3- Je repasserai par une agence locale réputée comme
Tibet Highland Tours. J'ai été convaincu par le professionnalisme de l'agence, fait unique dans le monde des agences tibétaines. Des prix très attractifs (et bien en dessous des prix proposés par les agences chinoises ou de
Chengdu qui sous-traitent avec leur correspondants sur
Lhasa), un connaissance des règles et de la législation sans pareil (beaucoup d'agence n'y connaissent rien), une longue expérience, un service parfait.
Les -
1- Le service des guides tibétains n'est vraiment pas à la hauteur, les guides ne possèdent pas suffisamment de connaissances culturelles sur le
Tibet. Si la grande majorité des guides proposés par les agences réputées maitrisent l'anglais, ne vous attendez pas à avoir un guide anglophone si vous passez par une agence peu connue. Dans notre cas, nous avons souffert du manque d'expérience du guide, qui a vraisemblablement du se plier aux exigences chauffeur. Cela nous a bien fait ruminer lors du voyage, suite à de nombreuses disputes dont on se saurait bien passé. Je dissocie cependant complètement ce qui s'est passé avec le guide du service de l'agence. Il est donc indispensable de se rendre au
Tibet avec un bon livre, pour les anglophone je recommande le
Tibet Footprint Handbooks.
2- Je regrette de ne pas avoir entrepris notre retour à
Lhasa depuis Gugé par la Route Nord qui traverse le plateau du Chang Tang et ses lacs salés, sa faune sauvage. ces grands espaces semblent grandioses, très sauvages...

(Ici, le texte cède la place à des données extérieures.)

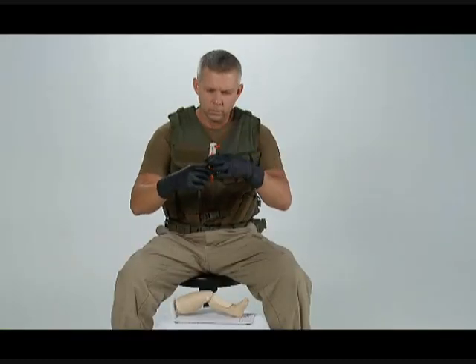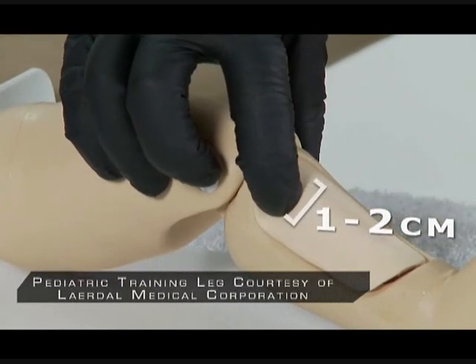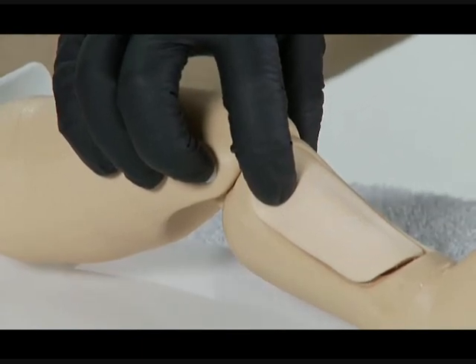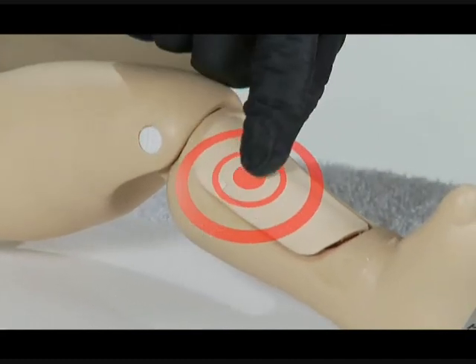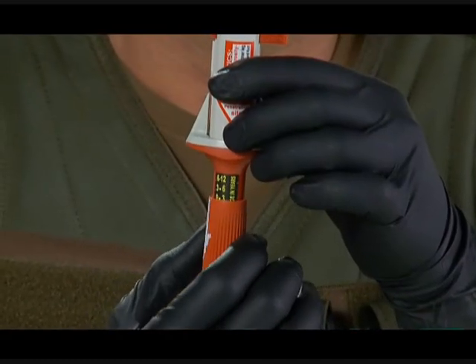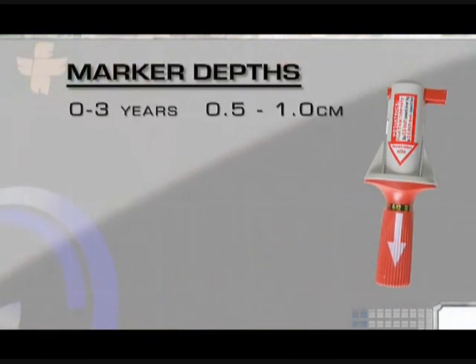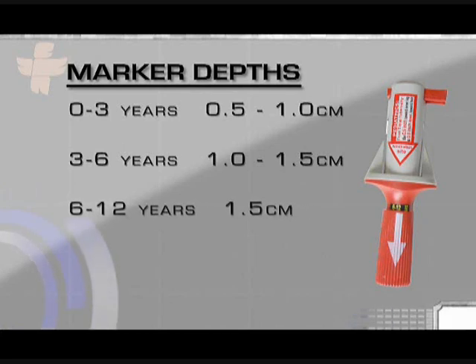For pediatric placement, find the same outset point, which is the tibial tuberosity. From the tibial tuberosity, go one to two centimeters toward the inner part of the leg to find the flat portion of bone called the tibial plateau. From the tibial plateau, go distally, or down, toward the foot, approximately one centimeter, or half an inch. Using the red barrel, adjust the BIG's penetration depth according to the patient's age. The age and depth are both marked on the device: 0 to 3 years, 0.5 to 1 centimeter; 3 to 6 years, 1 to 1.5 centimeters; 6 to 12 years, 1.5 centimeters.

3- Si j'étais un voyageur averti, j'ai été peiné de découvrir à quel point
Lhasa était aujourd'hui une ville sinisée. Les voyageurs qui souhaitent connaître un
Tibet authentique ne doivent pas choisir le
Tibet central comme destination, mais plutôt les régions pittoresques et traditionnelles du Kham et de l'Amdo. Ce sera ma prochaine destination tibétaine.
Il faut se rendre au
Tibet rapidement car il sera bientôt trop tard. Le
Tibet connaît aujourd'hui de profond changement culturels, il faut s'empresser de le découvrir avant que les chinois n'aient transformé à tout jamais la ville de
Lhasa en une ville chinoise Han, bien loin du récit de Alexandra David Neel. Pour ce qui est des régions reculées du Kham et de l'Amdo, ce sera bientôt la destination privilégiée des voyageurs sur les pas d'Alexandra, qui souhaitent retrouver l'ambiance des récits de l'exploratrice, et des grands espaces seulement habités par les yaks, les nomades, et quelques petits monastères perdus au fin fond de vallées reculées.